First and foremost on the CFTC’s agenda for the coming year must be its investigation into the collapse of MF Global and its missing customer funds. Thousands of customers have yet to receive nearly 30 percent of the funds that MF Global should have held in segregated accounts.
While I commend the Trustee for working quickly to trace the thousands of complex transactions that occurred during MF Global’s final days, the fact remains that many customers have not yet been made whole.
Farmers and ranchers across the country continue to face hardships because of their missing funds, and have lost confidence in the futures system.
This raises several key questions about customer protections in place, and the CFTC’s role in futures markets.
Although the CFTC has gained new authorities over the swaps market under the Dodd-Frank Act, the MF Global collapse demonstrates the importance of CFTC’s oversight responsibilities in futures markets.
In addition to our concerns about MF Global customer funds, we also must address the Dodd-Frank rulemaking process. As the CFTC nears the half-way mark in completing the dozens of regulations required by Dodd-Frank, I remain concerned about the breadth of the proposals.
Instead of focusing resources on the entities and activities that pose the most significant risks to our financial system, the CFTC is casting a wide net that could needlessly catch end-users.
For example, for months we have been assured by Chairman Gensler that the swap dealer definition would not result in unnecessary registration of end-users, which Congress never intended to fall within the swap dealer category.
However, as the Commission neared consideration of the rule last week, end-users were frantically seeking clarification that their hedging activities would not be classified as swap dealing.
This doesn’t make sense, because Congress never intended for hedging to be considered swap dealing.

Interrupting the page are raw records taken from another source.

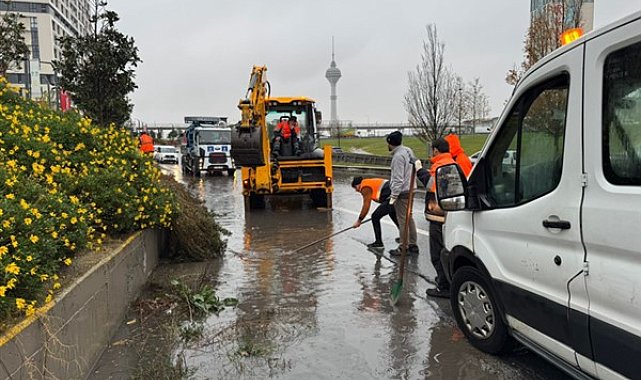 İBB, 6 bin 172 personel ve bin 879 araçla sahada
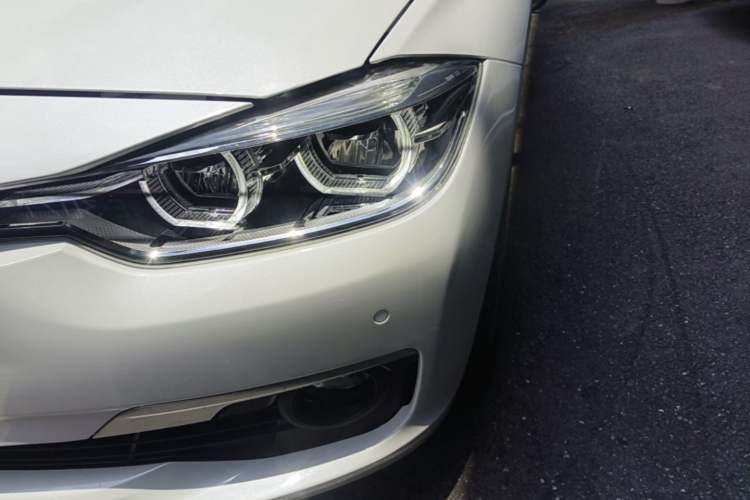 Used BMW 3 Series 2019 320Li Fashion Model Left Front Headlight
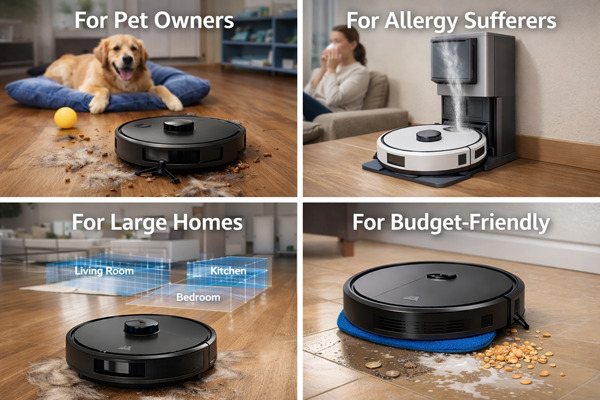 Какой робот-пылесос выбрать под ваш сценарий?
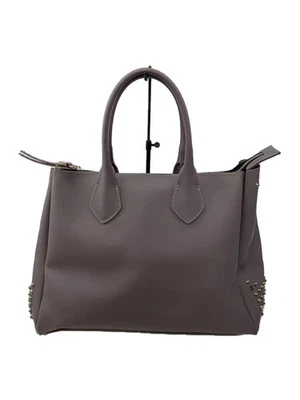 Bolso de Hombro GIANNI CHIARINI PVC Gris Liso Foto 1 de 4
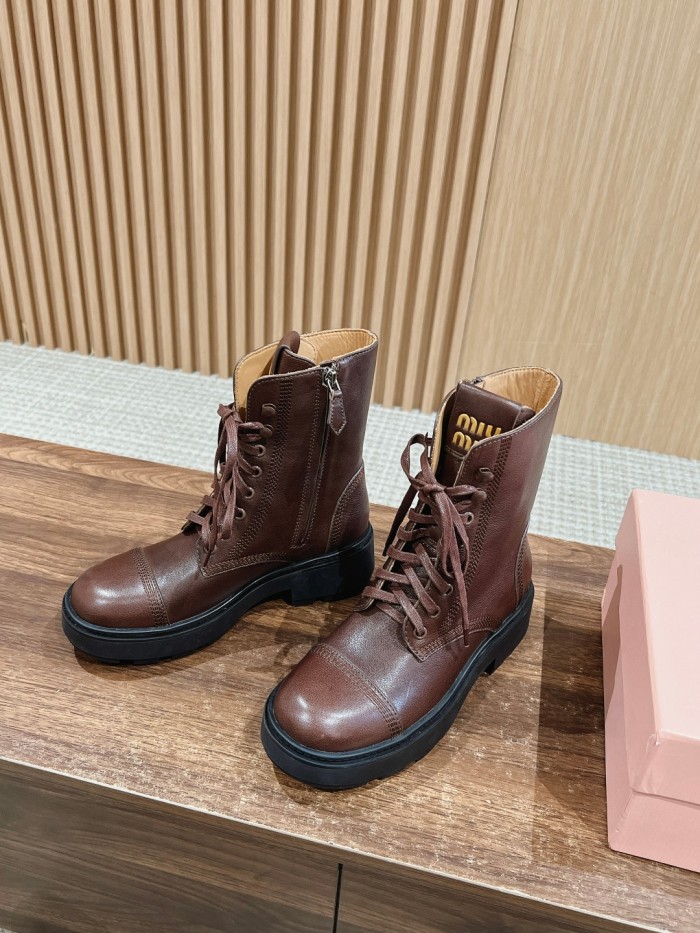 Women M*iu M*iul Top Boot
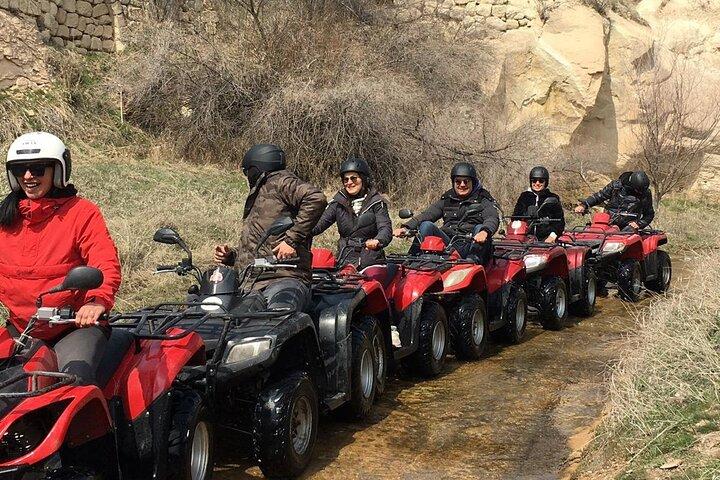 Balade ou excursion en location d'aventure en VTT en Cappadoce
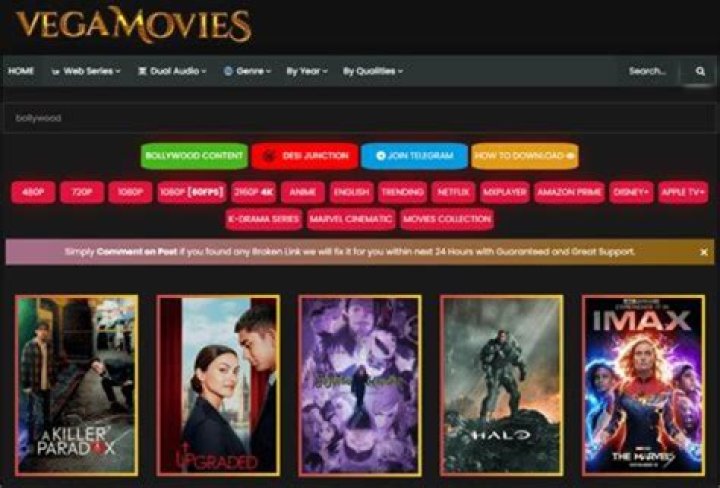 Vegasmovie.com: Your Ultimate Guide to Streaming Movies Online
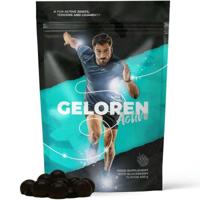 GELOREN Active Blackberry - gummies voor mensen voor gewrichten met collageen en vitamine c - 90 stuks - thumbnail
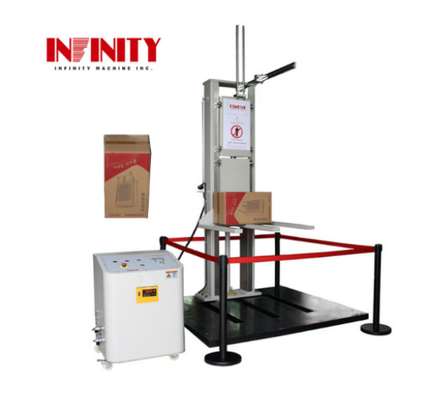 Büyük ürünler için çift yollu düşme test makinesi 2.5KVA AC 380V 15A
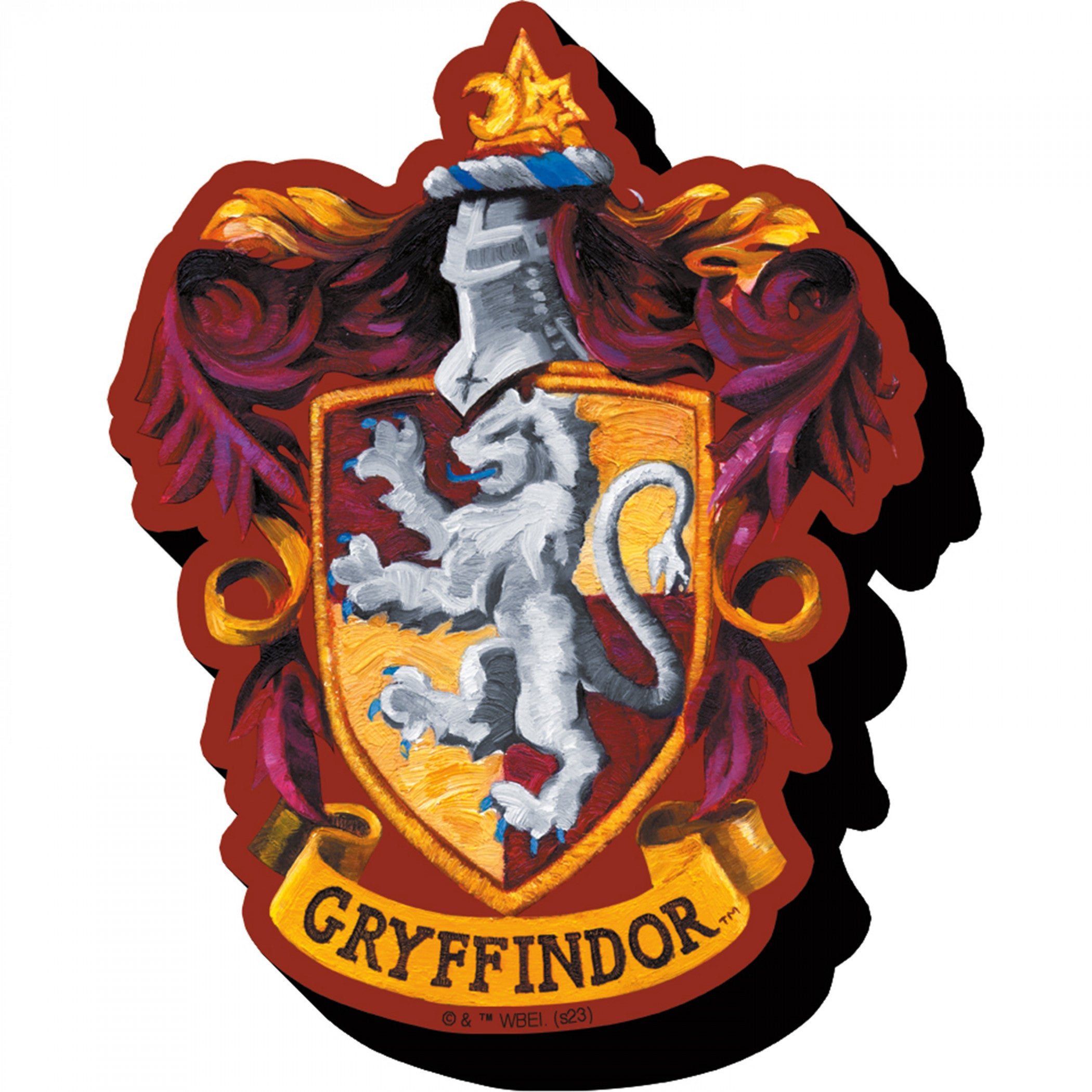 Harry Potter Gryffindor Crest Magnet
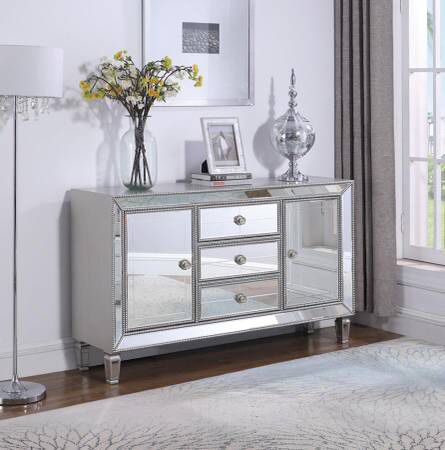 Gorgeous Mirror Accent Cabinet ONLY $425! Best Deal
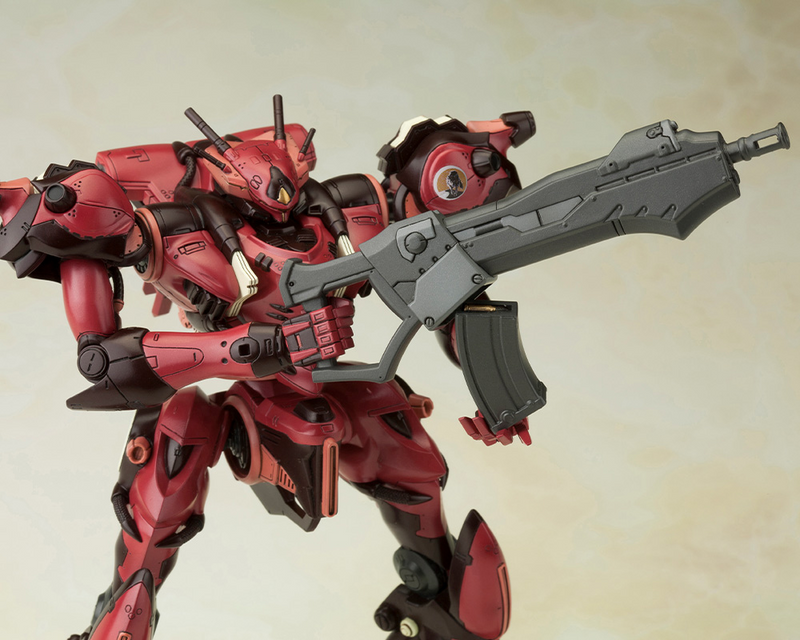 [ARRIVED][JUL 2024] Algebra Soluh Barbaroi - Armored Core 1/72 (Re-Run)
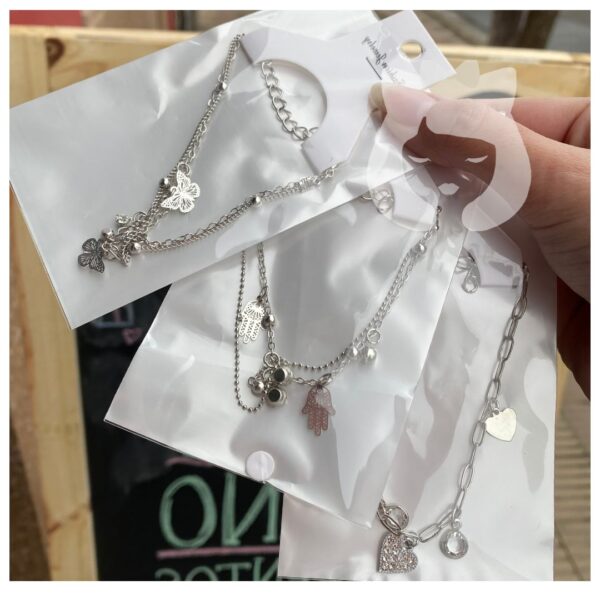 Pulsera Cadena Dije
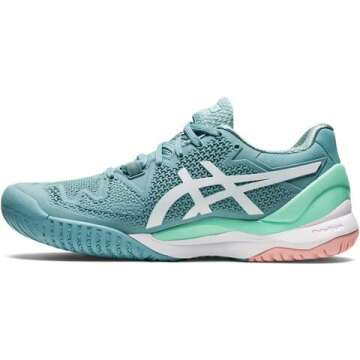 ASICS Women's Gel-Resolution 8 Tennis Shoes - Performance Comfort & Stability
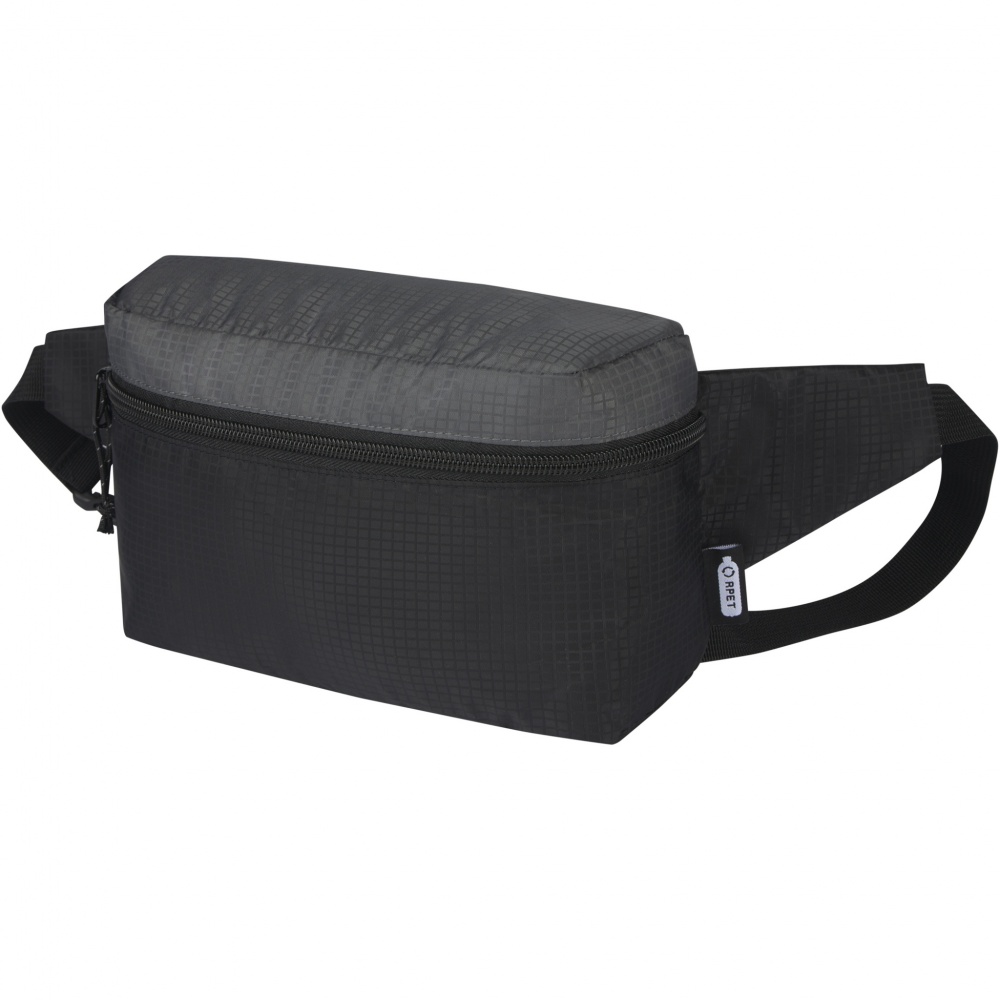 Logotrade promotional gift image of: Trailhead GRS recycled lightweight fanny pack 2.5L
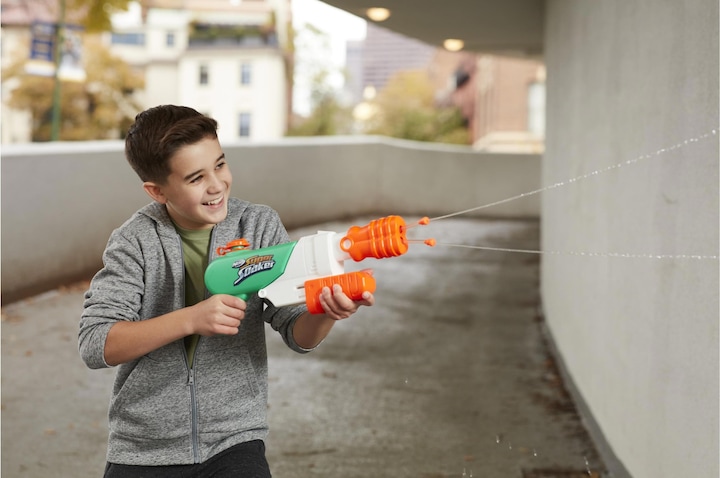 Actual product image Nerf Super Soaker Hydro Frenzy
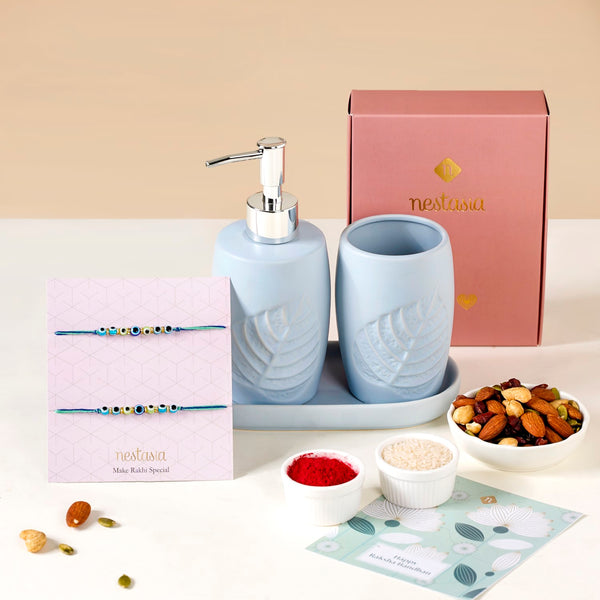 Bathroom Bliss Rakhi Gift Hamper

Additionally, the CFTC has yet to propose a rule that will clarify the scope of its new regulations for activities that occur outside our borders—what we refer to as extra-territoriality.
There is a long-standing precedent by both the CFTC and the prudential regulators to defer to foreign regulatory authorities in matters concerning foreign entities and transactions.
Expanding the reach of Dodd-Frank into activities conducted outside our borders not only ignores principles of international law, but it spreads our agencies and resources too thin. It also threatens the international coordination required for global financial reform as envisioned by the G20.
Additionally, the lack of clarification on the territorial scope of regulations has made it incredibly difficult for market participants to prepare for compliance.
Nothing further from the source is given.